**TASK ITEM:** The output should be the listing below, limited to the lines from the one with "horse arena footing rock removal attachment" through the one with "원목그릇장 모퉁이 벽장", exact and without pictures.

**DATA LISTING:**
|---|

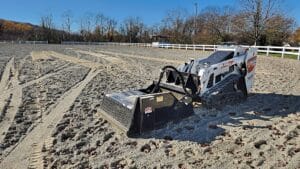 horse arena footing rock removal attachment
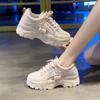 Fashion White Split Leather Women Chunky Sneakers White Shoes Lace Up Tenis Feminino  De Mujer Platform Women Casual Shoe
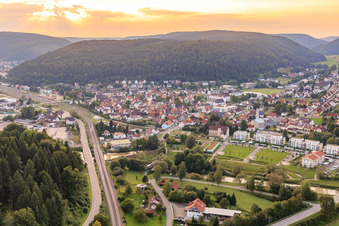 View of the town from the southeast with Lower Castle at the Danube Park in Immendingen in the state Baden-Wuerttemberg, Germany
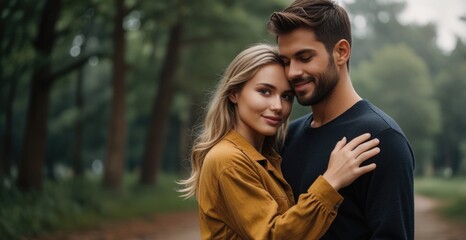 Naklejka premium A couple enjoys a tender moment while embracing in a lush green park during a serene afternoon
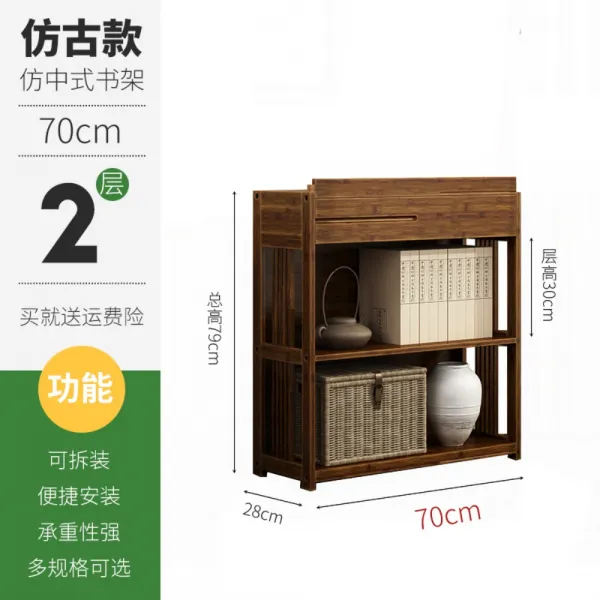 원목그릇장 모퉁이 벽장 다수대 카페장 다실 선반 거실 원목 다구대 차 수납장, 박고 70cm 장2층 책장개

|---|

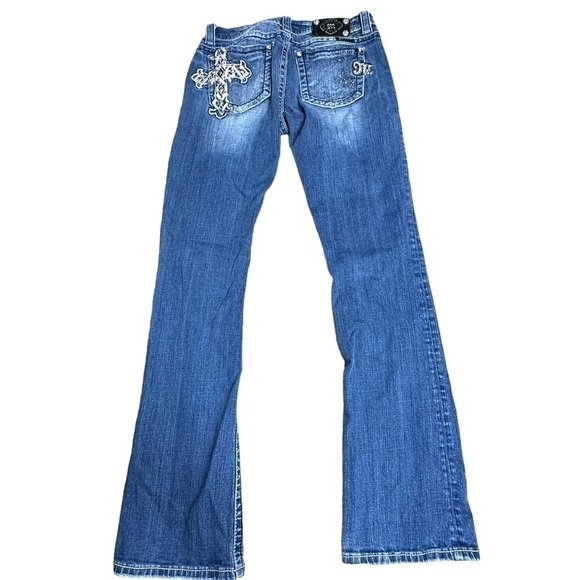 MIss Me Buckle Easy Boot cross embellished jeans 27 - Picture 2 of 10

|---|

**SOLVED EXERCISE:**
 horse arena footing rock removal attachment
 Fashion White Split Leather Women Chunky Sneakers White Shoes Lace Up Tenis Feminino  De Mujer Platform Women Casual Shoe
 View of the town from the southeast with Lower Castle at the Danube Park in Immendingen in the state Baden-Wuerttemberg, Germany
 Naklejka premium A couple enjoys a tender moment while embracing in a lush green park during a serene afternoon
 원목그릇장 모퉁이 벽장 다수대 카페장 다실 선반 거실 원목 다구대 차 수납장, 박고 70cm 장2층 책장개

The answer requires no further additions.